Friday, December 11, 2020

Émile Gaboriau's proto-mystery Corde au cou - "What would a policeman be who did not know how to disguise himself"

“The great Gaboriau said, didn’t he? – ‘always suspect that which seems probable, and begin by believing what seems incredible.’”

“If he said that, the great Gaboriau must have been a half-wit.  I’ve never heard such a cheap, fantastic paradox.”

Here we eavesdrop on the detective and his wife discussing a case in Nicholas Blake’s The Beast Must Die (1938, Ch. 10 of the last section), and what strikes me is that “Blake” assumed that his Golden Age English detective novel readers could more or less identify Émile Gaboriau, one of the precursors of the detective novel.  Or maybe they could not; maybe this was an extremely private joke of “Blake’s.”

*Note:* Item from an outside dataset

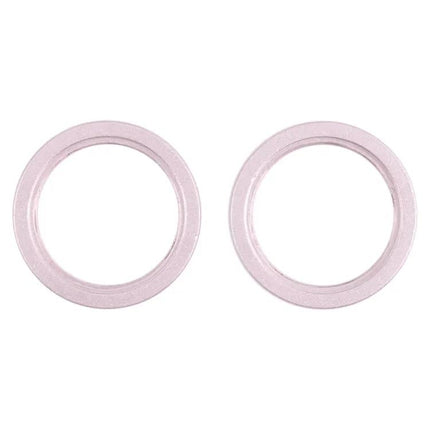 iPhone 13 Slim Metal Camera Ring Protector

In the first Sherlock Holmes novel, A Study in Scarlet (1887), Watson brings up Gaboriau, only to have Holmes dismiss his most famous detective, M. Lecoq, as a “’miserable bungler…  That book made me positively ill.’”

For some reason I recently read a Gaboriau novel, Corde au cou (Rope around the Throat, 1873), a 500-pager* that does not feature Lecoq (although he is mentioned), but another detective, M. Goudar, who does not appear until page 300 or so.  My first glimpse of him is on a ladder, where “he was covering his superb trellised chasselas grapes in horsehair sacks” (303, translations all mine).  The last line of the novel, after wrapping up everyone else’s story: “And Goudar, nursery gardener, sells the most beautiful peaches in Paris.”

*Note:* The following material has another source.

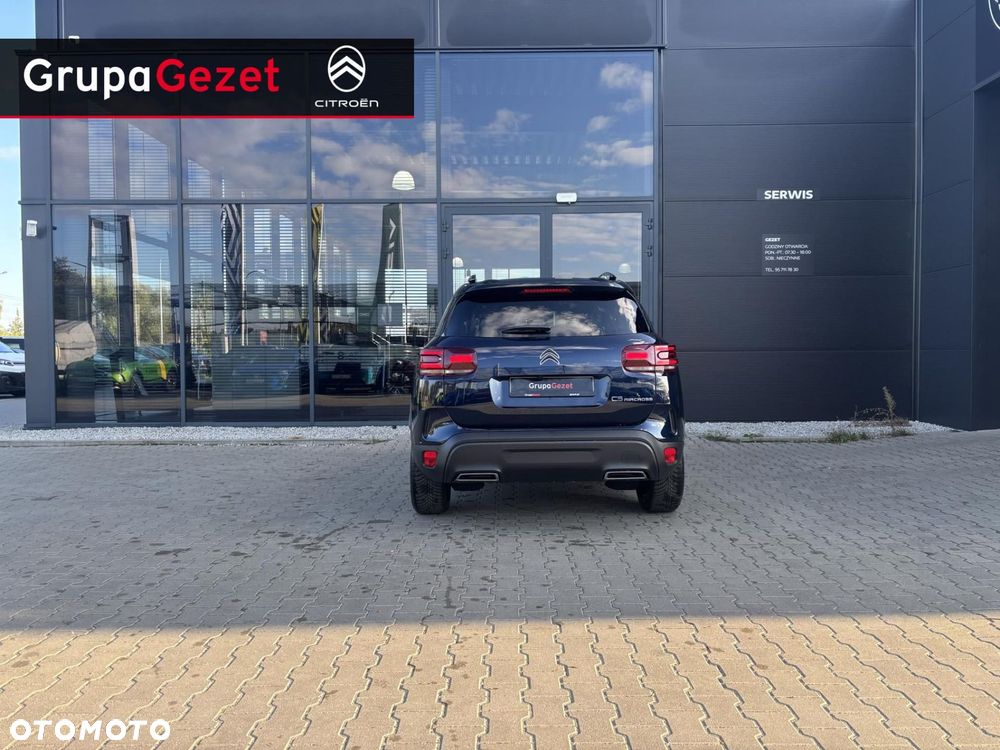 Citroën C5 Aircross - 7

Goudar is also a master of disguise: “’What would a policeman be who did not know how to disguise himself,’ he interrupted” (356).

I am just saying that some of this should look awfully familiar to readers of a certain era of English detective fiction.  Still, no detective until page 300; this is not itself exactly a detective novel (although come to think of it that Blake novel does not introduce the detective until the 50% mark).

What else is in Corde au cou?  How about some plot:

A count is shot, seriously injured, and his farm is burned.  Two men die fighting the fire.  A neighboring nobleman, Jacques de Boiscoran is implicated by a range of evidence, and he refuses to defend himself.  What is he hiding; who is he protecting?  Lawyers do the detecting for a while, first the prosecutor and then the defense attorney (I am substituting the equivalent American roles).  Corde au cou  is more like a “judicial novel,” with lots of lawyers and courtroom scenes.  The defense attorney discovers that his client, Boiscoran, has for many years had a love affair with his neighbor the countess, but has recently dumped her to marry someone else.  So now we have many motives, both for Boiscoran to attack her husband, and for the vengeful countess to frame her former lover.  All right, there’s a tangle.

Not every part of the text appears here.